▶ **What you should do**: What are the lines, word for word, from the line with "a kitchen and" up to and including the line with "couple spending holiday in room 112323262" in the records below? Omit the pictures.
◇ ◇ ◇ ◇ ◇
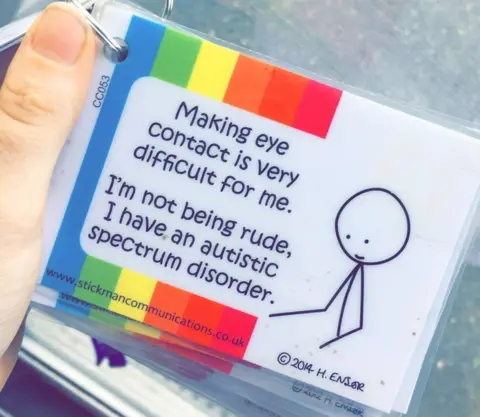 Abby Cappleman A card which reads: 'Making eye contact is very difficult for me. I'm not being rude, I have an autistic spectrum disorder.'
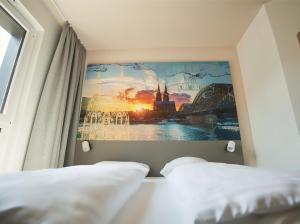 ケルンにあるB&B Hotel Köln-Cityのベッドルーム1室(ベッド2台付)が備わります。壁には絵画が飾られています。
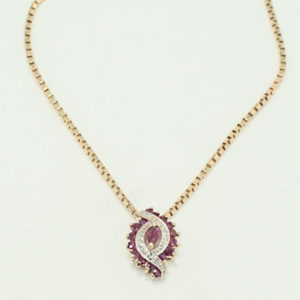 Yellow gold ruby and diamond marquise cluster necklace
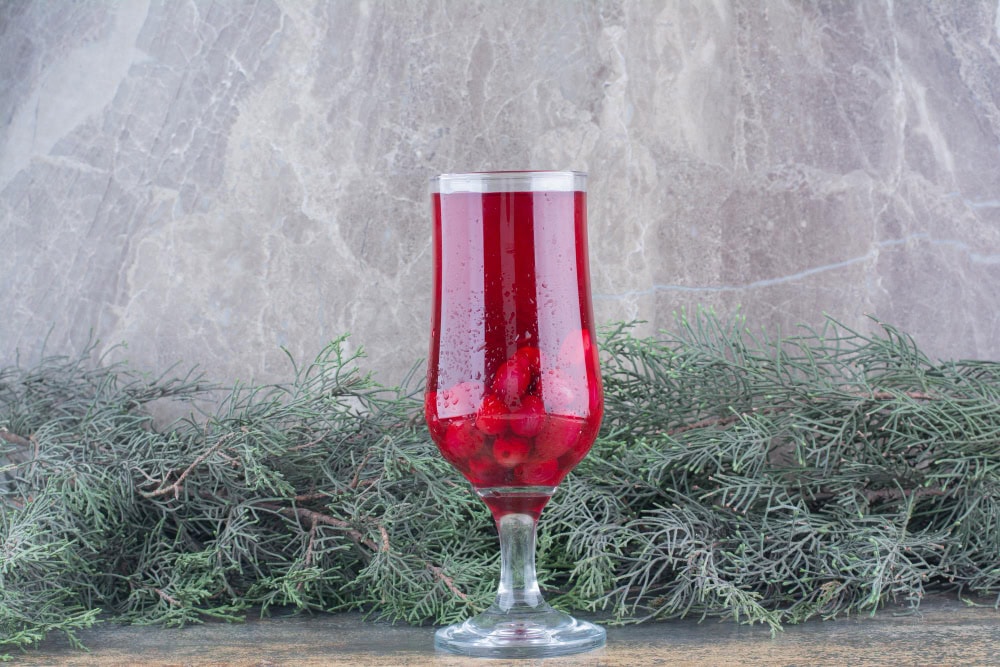 glass rosehips juice marble background high quality photo (1)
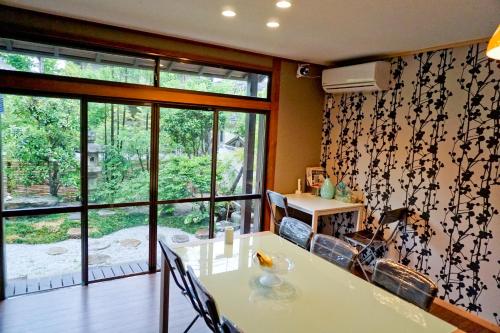ein Esszimmer mit einem Tisch und einem Fenster in der Unterkunft Kinkaku in Kyoto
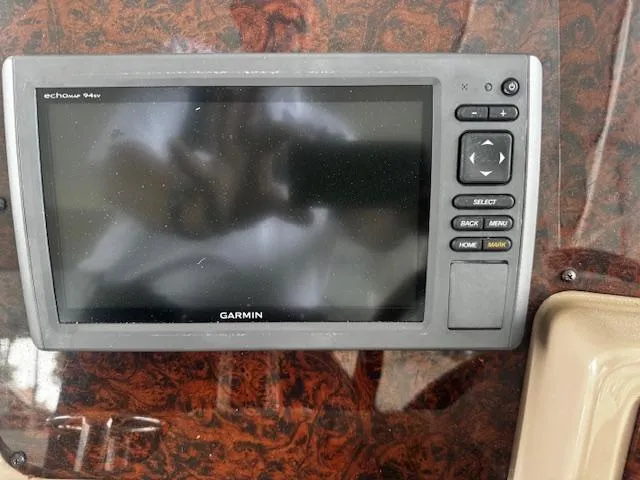 Slide: The Image of Garmin echosounder on 2004 Regal Commodore 4260 boat dashboard, featuring control buttons. - 19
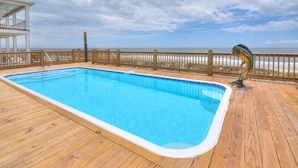 A rectangular swimming pool with a wooden deck and a wooden fence. - Bright Horizons: Experience oceanfront luxury in this 7-bedroom, 6-bath retreat in Oak Island! (Oak Island)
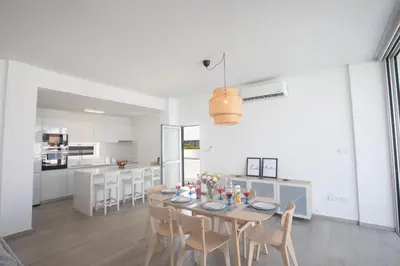 a kitchen and dining room with a table and chairs at Protaras Olivine Villa Ol10 in Protaras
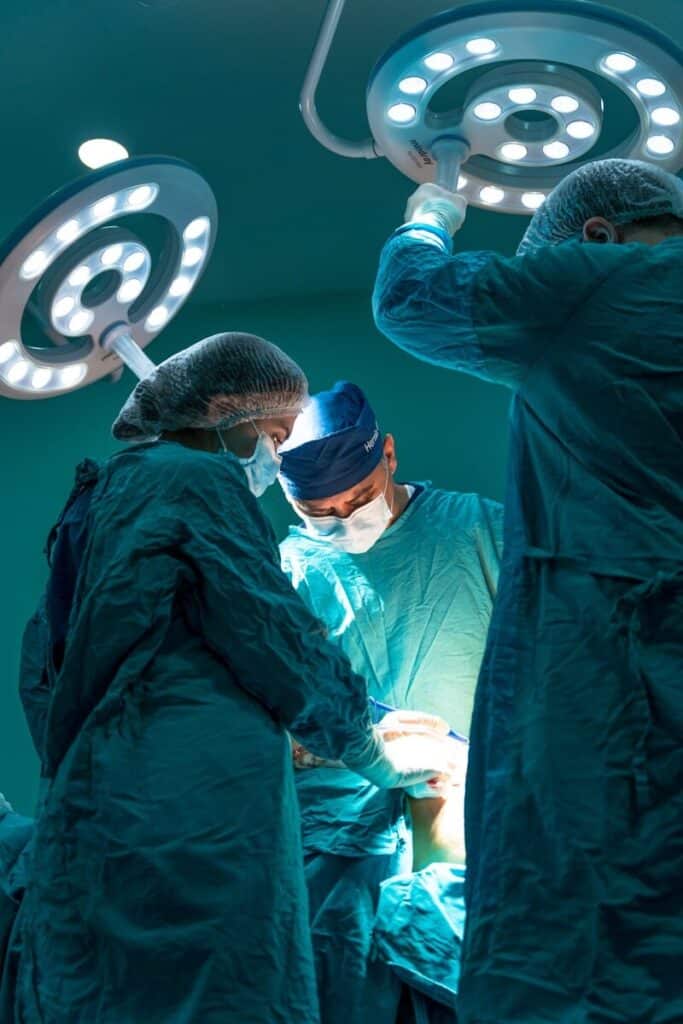 Current image: a group of doctors performing surgery on a patient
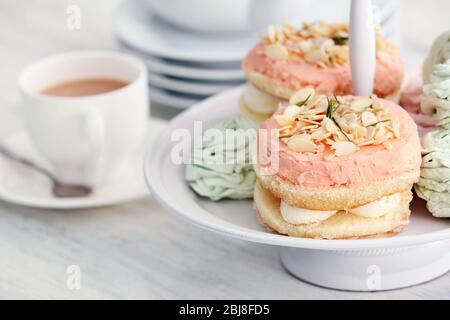 Cake stand with different sweets and tea Stock Photo
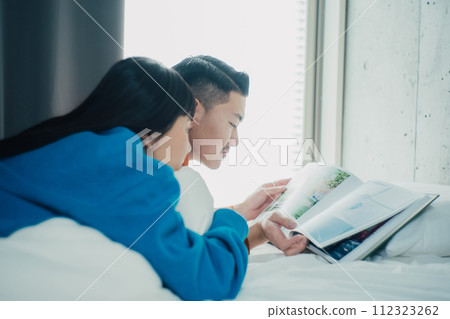 couple spending holiday in room 112323262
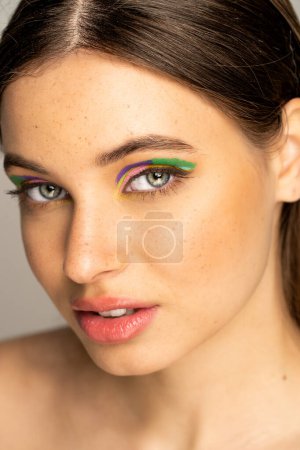 Teen model with colorful makeup and freckles looking at camera isolated on grey 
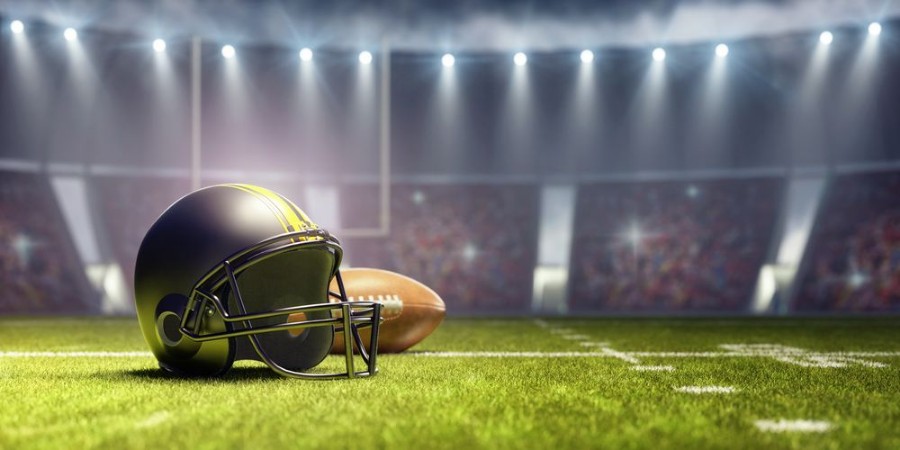 Imagem de American football background with ball and black helmet 3D Rendering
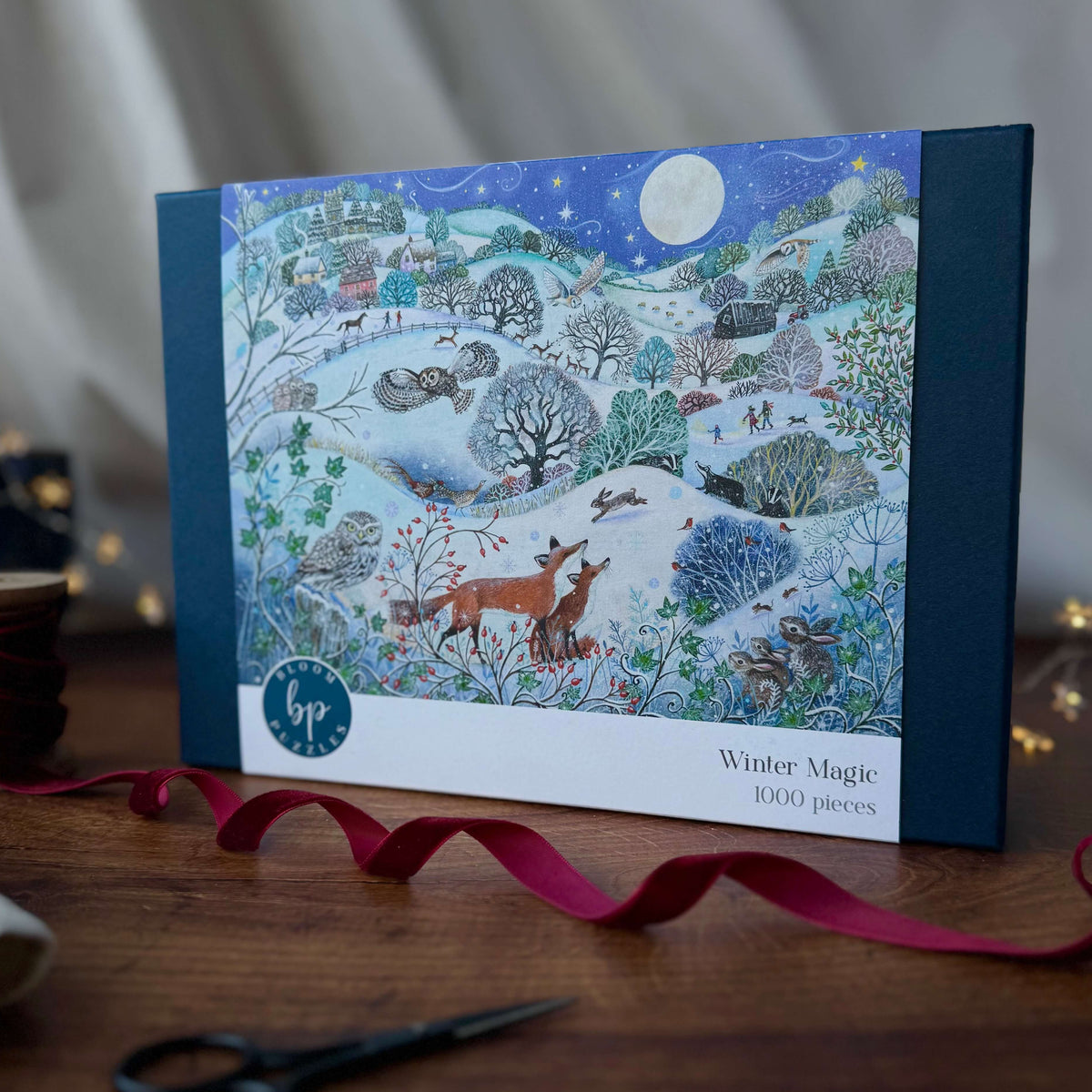 A boxed jigsaw puzzle titled "Winter Magic" stands on a wooden table. The front of the box shows a detailed winter landscape illustration with snow, trees, foxes with other wildlife, and a full moon.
◇ ◇ ◇ ◇ ◇
▶ **Task solution**:
 a kitchen and dining room with a table and chairs at Protaras Olivine Villa Ol10 in Protaras
 Current image: a group of doctors performing surgery on a patient
 Cake stand with different sweets and tea Stock Photo
 couple spending holiday in room 112323262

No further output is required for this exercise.